First, how can one know that one has lost policy battles when one has no idea what it means to win? One could look at declining belief in God, and the horrendous state of the family, and rampant sexual immorality, but I highly doubt that conservatives have advocated for anything that would solve the problem. Ideas such as criminalizing fornication (adultery, at least, hasn’t been a crime since around the 1100s in England), outlawing immodest dress, censoring the media, etc. have probably never been even considered. How about suggesting that the state and Catholic Church not be separated, but cooperate?
More importantly where is the natural law concerning such matters being taught?
The traditional teacher of morality is the Catholic Church. How could this be the case when immodest dress is permitted at Mass? Where are the homilies mentioning that sexual immorality is by nature a mortal sin which unrepented results in going to hell?
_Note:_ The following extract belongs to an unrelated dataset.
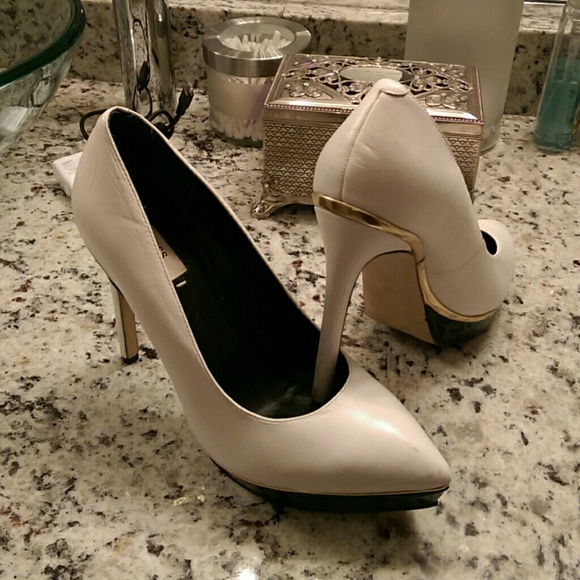 Shoes - Picture 2 of 3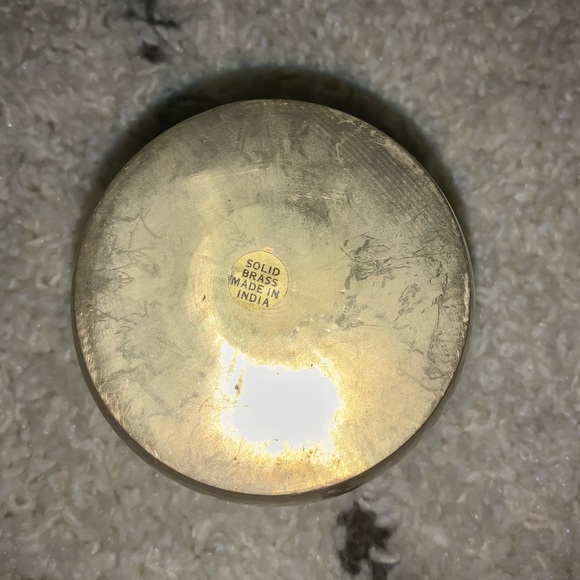 ✨SOLD✨Vintage Solid Brass Vase - Picture 5 of 5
Second, how does one know that things are worse? Where is the measure? The above suggested metrics?
Third, as for corruption and greed, where are the prosecutors initiating criminal charges against these criminals? Are they too busy locking up poor people for years for possessing and using marijuana? Are they corrupt as well? How about requiring that only faithful traditional Catholics be permitted to exercise political office?
“Perhaps what is needed is the deconstruction of the administrative state—in France and across Europe.”
The idea that the government can and ought to provide everything is a bad one. One needs to consider the Catholic principle of subsidiary. How about this idea: have government regulate wages (instead of having high taxes), so that the minimum wage is tied to a person’s number of dependents, the cost of living, and the consequent needs?
I hear people “talking the talk,” but not “walking the walk.” It’s all a bunch of empty, posturing, rhetoric.